Department of Biochemistry & Biophysics and Center for RNA Biology, University of Rochester Medical Center, Rochester, New York 14642, United States.
Department of Chemistry & Biochemistry, University of Maryland, College Park, Maryland 20742, United States.
ACS Synth Biol. 2023 Sep 15;12(9):2750-2763. doi: 10.1021/acssynbio.3c00358. Epub 2023 Sep 6.
We show that design of DNA secondary structures is improved by extending the base pairing alphabet beyond A-T and G-C to include the pair between 2-amino-8-(1'-β-d-2'-deoxyribofuranosyl)-imidazo-[1,2-]-1,3,5-triazin-(8)-4-one and 6-amino-3-(1'-β-d-2'-deoxyribofuranosyl)-5-nitro-(1)-pyridin-2-one, abbreviated as and . To obtain the thermodynamic parameters needed to include P-Z pairs in the designs, we performed 47 optical melting experiments and combined the results with previous work to fit free energy and enthalpy nearest neighbor folding parameters for P-Z pairs and G-Z wobble pairs.

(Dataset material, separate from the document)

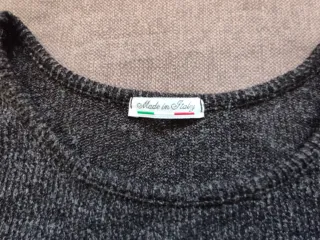 Vestido de punto gris con hombros descubiertos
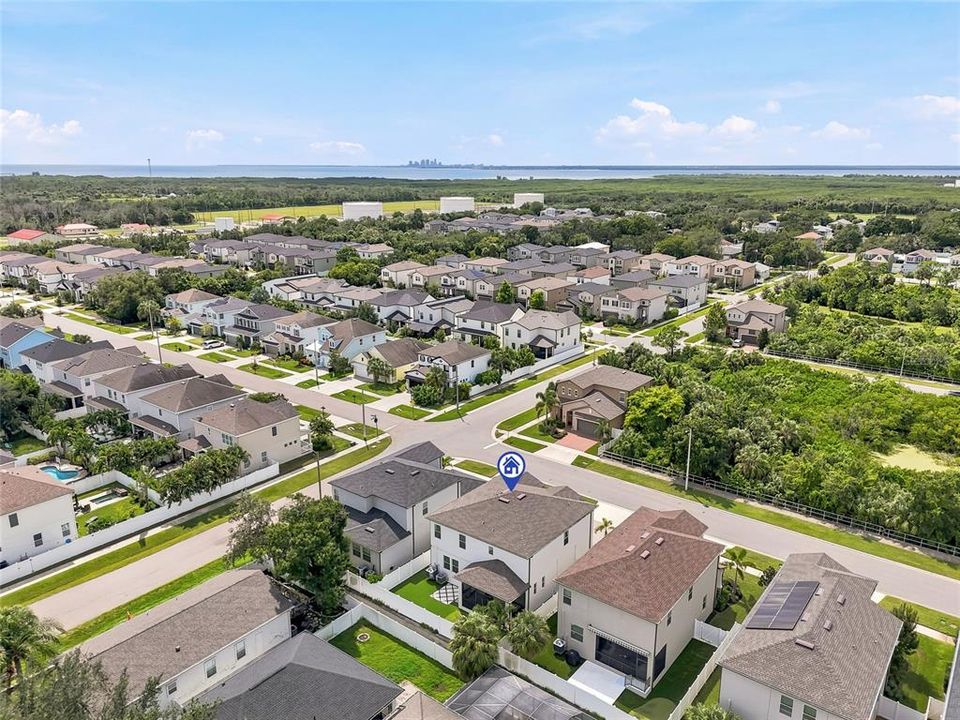 En Venta: $825,000 (4 camas, 3 baños, 2922 Pies cuadrados)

We find G-Z pairs have stability comparable to that of A-T pairs and should therefore be included as base pairs in structure prediction and design algorithms. Additionally, we extrapolated the set of loop, terminal mismatch, and dangling end parameters to include the P and Z nucleotides. These parameters were incorporated into the RNAstructure software package for secondary structure prediction and analysis. Using the RNAstructure Design program, we solved 99 of the 100 design problems posed by Eterna using the ACGT alphabet or supplementing it with P-Z pairs. Extending the alphabet reduced the propensity of sequences to fold into off-target structures, as evaluated by the normalized ensemble defect (NED). The NED values were improved relative to those from the Eterna example solutions in 91 of 99 cases in which Eterna-player solutions were provided. P-Z-containing designs had average NED values of 0.040, significantly below the 0.074 of standard-DNA-only designs, and inclusion of the P-Z pairs decreased the time needed to converge on a design. This work provides a sample pipeline for inclusion of any expanded alphabet nucleotides into prediction and design workflows.
我们证明,通过将碱基配对字母表扩展到 A-T 和 G-C 之外,包括 2-氨基-8-(1'-β-d-2'-去氧核糖呋喃基)-咪唑[1,2]-1,3,5-三嗪-(8)-4-酮和 6-氨基-3-(1'-β-d-2'-去氧核糖呋喃基)-5-硝基-(1)-吡啶-2-酮之间的配对,来设计 DNA 二级结构,可以得到改善,缩写为 和 。为了获得将 P-Z 对纳入设计所需的热力学参数,我们进行了 47 次光学融解实验,并将结果与以前的工作结合起来,以拟合 P-Z 对和 G-Z 摆动对的自由能和焓近邻折叠参数。我们发现 G-Z 对具有与 A-T 对相当的稳定性,因此应该被包括在结构预测和设计算法的碱基对中。此外,我们将环、末端错配和悬垂末端参数外推到包括 P 和 Z 核苷酸。这些参数被纳入 RNAstructure 软件包中,用于二级结构预测和分析。使用 RNAstructure Design 程序,我们解决了 Eterna 使用 ACGT 字母表或用 P-Z 对补充它提出的 100 个设计问题中的 99 个。扩展字母表降低了序列折叠成非目标结构的倾向,这可以通过归一化集合缺陷(NED)来评估。在提供了 Eterna-player 解决方案的 99 个案例中,有 91 个案例的 NED 值得到了改善,相对于 Eterna 示例解决方案的 NED 值。包含 P-Z 的设计的平均 NED 值为 0.040,明显低于标准 DNA 设计的 0.074,并且包含 P-Z 对减少了收敛到设计所需的时间。这项工作提供了一个示例管道,用于将任何扩展字母表核苷酸纳入预测和设计工作流程。